What is GIS?
Geographic Information System (GIS) is a computer system used for storing, manipulating, maintaining, analyzing, and displaying geographic data.
For York County Government, GIS enables a more efficient delivery of services to the taxpayers. Through GIS Online, many databases provide valuable information over the internet and saves both the county and tax-payer resources delivering and receiving the information.
Visit this link for the online GIS Self Learning Tool hosted by the University of Melbourne Department of Geomatics.
Many schools are not teaching geography, as a result kids do not know where Japan or India or even the Pacific Ocean is on the map. MyWonderfulWorld.org is an excellent resource for geography awareness and is sponsored by the National Geographic Society.
A Geographic Information System is an organized collection of computer hardware, software, geographic data, personnel, and procedures designed to efficiently capture, store, hold, update, manage, manipulate, analyze, and display all forms of spatially referenced data for solving operational, management, and planning problems, and used to describe a place(s) of location in the County.

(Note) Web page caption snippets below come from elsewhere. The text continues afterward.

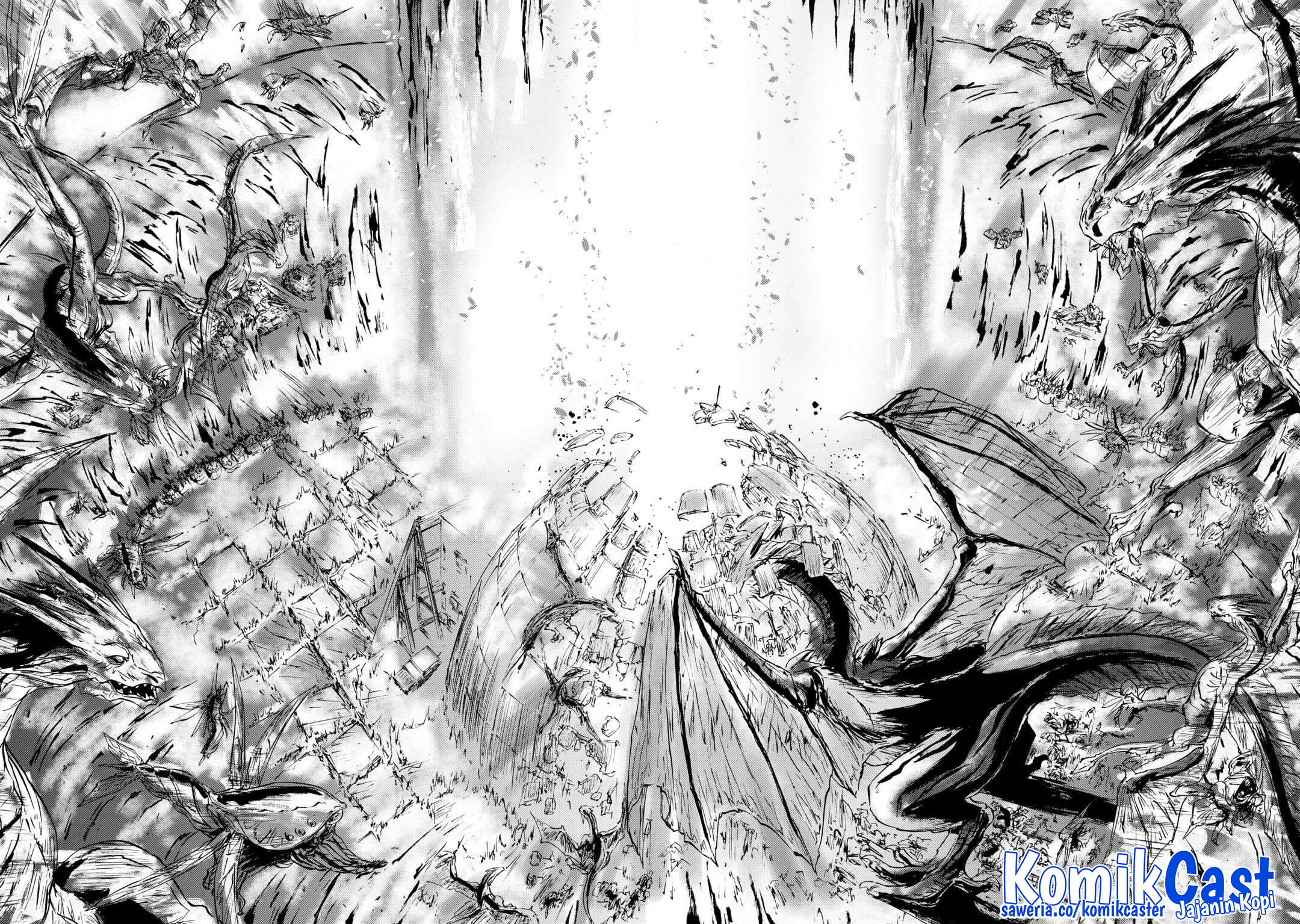 Gate – Jietai Kare no Chi nite, Kaku Tatakeri chapter 143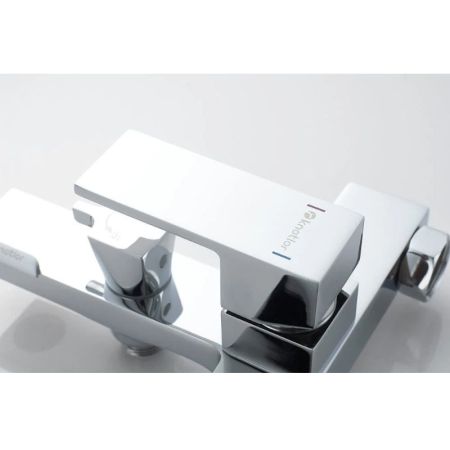 Смеситель для ванны Knotlor KN-22, хром, артикул KN-22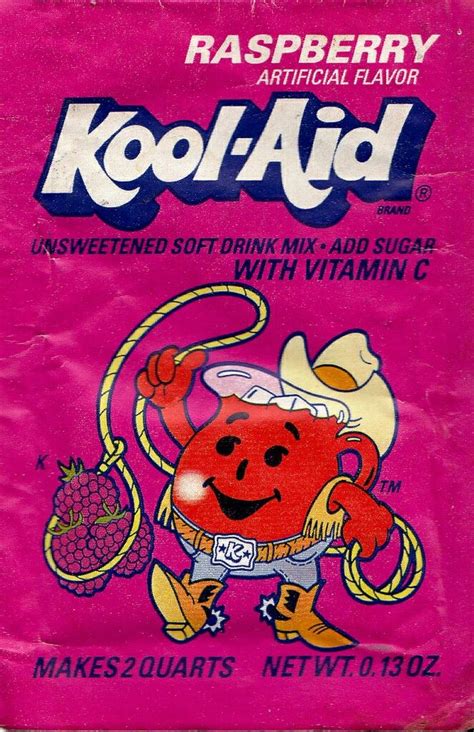 Raspberry Kool Aid Miss Kool Aid Raspberry Frosted Flakes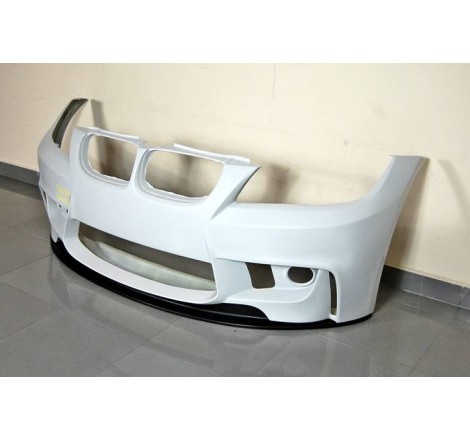 FRONT BUMPER BMW E90 / E91 09-12 LOOK M1 SPOILER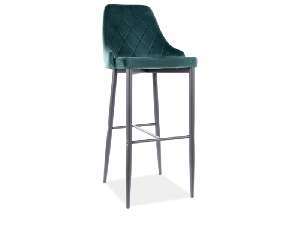 Barová stolička Tilda (tmavozelená)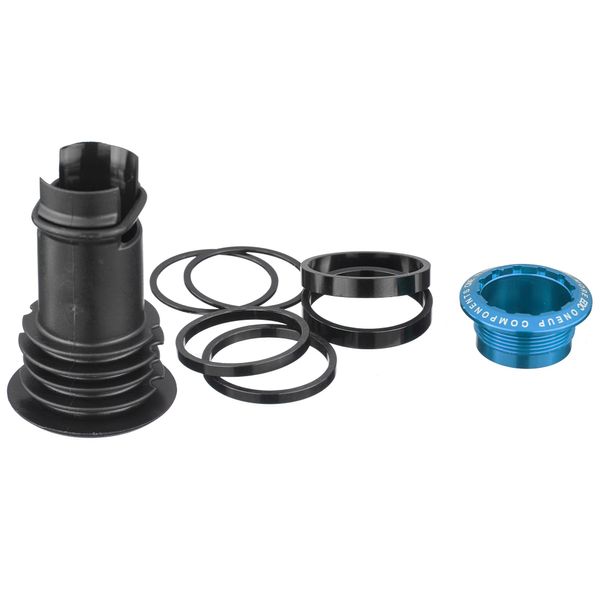 OneUp Components EDC Threaded Top Cap, Blue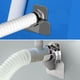 thumbnail image 3 of 2 Juegos de Soportes para Tuberías de Piscina, Accesorios para Piscinas Elevadas, Accesorios para Piscinas, Mangueras para Piscinas Elevadas, Color Azul, 3 of 5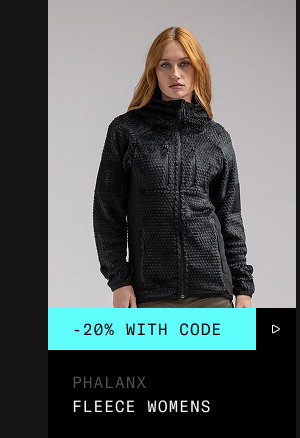PHALANX FLEECE WOMENS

In its simpler form, a GIS is an electronic map used to display data based on its location; in its more complex form, it becomes a powerful analytical tool with millions of pieces of data that are related geographically and can be displayed in a format that allows the user to make the inter-relationships between that data visually understandable.
GIS allows you to:
Think about a place or feature... Ask questions about it ... Explore patterns that appear ... Enhance the data or modify the analysis ... Make a map or report ...
GIS is not "just mapping".
It is, instead, the ability to build maps "on the fly," showing what you want, and have data for, in the way you define. The software draws geographic features (or "where things are") and sets of attributes (or "what things are like"), processed according to rules you establish.
GIS is used to explore relationships between features distributed unevenly over space. Here's an example: Imagine you have a set of map transparencies about an area, one transparency for each feature type (land use, elevation, census, utilities, transportation corridors, soil types, etc.). You can overlay your transparencies, zoom to the desired scale, and ask questions that display relationships across the layers.
Examples of situations where GIS can help:
Does it make sense to put a fire station here or there?
Should school district boundaries go here or there?
Do we expand the existing airport here or build a new one there?
Will there be enough schools for students here in 10 years?
Which pockets of endangered environment should we protect?
What is the impact of released waste on local health patterns?
Are we adequately prepared to service the local and surrounding population in the event of various possible disasters?
GIS is a powerful tool that can aid us in making better decisions pertaining to our world.